Lavoro
Huang (Nvidia): usare l’AI per giustificare i licenziamenti è solo pigrizia
Di Giuliana Mastri
Da tempo nutriamo dubbi sulle dichiarazioni altisonanti dei leader tecnologici che promettono di automatizzare i posti di lavoro con l’AI. Da anni molti dirigenti hanno sollevato più di un sopracciglio giustificando licenziamenti di massa con l’argomento che l’intelligenza artificiale aveva reso migliaia di ruoli superflui. Ma mentre la realtà si assesta e le reali capacità della tecnologia emergono con più chiarezza, alcuni nel settore stanno cambiando radicalmente registro.
L’ultimo in ordine di tempo è Jensen Huang, CEO di Nvidia, che ha apertamente criticato altri dirigenti per aver usato l’AI come alibi per i tagli al personale, invitandoli a smettere.

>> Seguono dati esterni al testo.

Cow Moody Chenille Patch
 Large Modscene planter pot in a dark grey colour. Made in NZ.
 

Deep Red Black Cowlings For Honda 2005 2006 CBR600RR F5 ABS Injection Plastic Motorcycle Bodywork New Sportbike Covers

Il messaggio implicito è chiaro: i costi esorbitanti, soprattutto quelli legati alla spesa in AI, alla cattiva gestione e alle assunzioni eccessive, sono il vero problema.
«La narrativa che collega l’AI alla perdita di posti di lavoro, nel caso di molti CEO che la usano, è semplicemente troppo pigra», ha dichiarato Huang a Channel News Asia. «L’AI è appena arrivata: com’è possibile che stiano già perdendo posti di lavoro?» E ancora: «Com’è possibile che l’AI sia diventata produttiva e utile solo sei mesi fa, e che nel frattempo stessero licenziando persone due anni fa proprio a causa dell’AI? Non ha alcun senso».
Huang non ha usato mezze misure. «Era solo un modo per sembrare intelligenti, e lo odio profondamente. Penso che stiamo spaventando le persone, e questo è irresponsabile».
Il caso Dorsey e il nodo dei costi
Un episodio emblematico di questo schema si è verificato all’inizio dell’anno, quando Jack Dorsey, fondatore di Twitter e CEO di Block Inc, ha annunciato il taglio di «quasi la metà» della forza lavoro aziendale, citando l’emergere di «strumenti di intelligenza» che starebbero «accelerando» i cambiamenti. Gli ex dipendenti hanno però rapidamente smontato la versione ufficiale, sostenendo che i licenziamenti fossero in realtà il risultato di assunzioni eccessive, in particolare durante la pandemia da Covid-19.
Quello che è molto più probabile, al di là della narrativa sull’AI, è che le aziende stiano prosciugando le proprie risorse a causa di investimenti massicci nell’intelligenza artificiale: i costi per accedere alle risorse di cloud computing continuano a salire, costringendo molte imprese a rallentare le assunzioni.
Per Huang, tuttavia, il problema di fondo è la mancanza di ambizione. E resta ottimista sulla capacità dell’AI di creare posti di lavoro anziché eliminarli. «È più probabile che le aziende ambiziose diventino più produttive, facciano le cose più velocemente e aumentino la loro velocità operativa», ha spiegato. «Di conseguenza diventeranno più grandi e più redditizie, e quando questo accade finiscono per assumere più persone. Useranno più AI, certo, ma assumeranno anche più persone.»
Si tratta di un cambio di tono significativo: solo l’anno scorso, in un’intervista a CNN, Huang aveva avvertito che «se il mondo esaurisce le idee, i guadagni di produttività si traducono in perdita di posti di lavoro» e che «il lavoro di tutti sarà influenzato» mentre «alcuni posti andranno persi».
Huang non è l’unico a prendere le distanze dalla retorica dei licenziamenti da AI. La settimana scorsa anche Demis Hassabis, CEO di Google DeepMind, ha accusato i dirigenti di altre aziende di «mancanza di immaginazione» nel dare la colpa all’AI per i tagli occupazionali.
In sintesi, si tratta di una brusca verifica con la realtà, che va a cozzare con le narrative che molti dirigenti continuano a propinare nel tentativo disperato di convincere gli investitori che livelli di spesa senza precedenti siano giustificati. Come ha scritto la pubblicazione di marketing State of Brand: «Non è un disaccordo minore sul messaggio. È come se le persone che vendono i picconi dicessero ai minatori di smettere di incolpare i picconi per il crollo della miniera».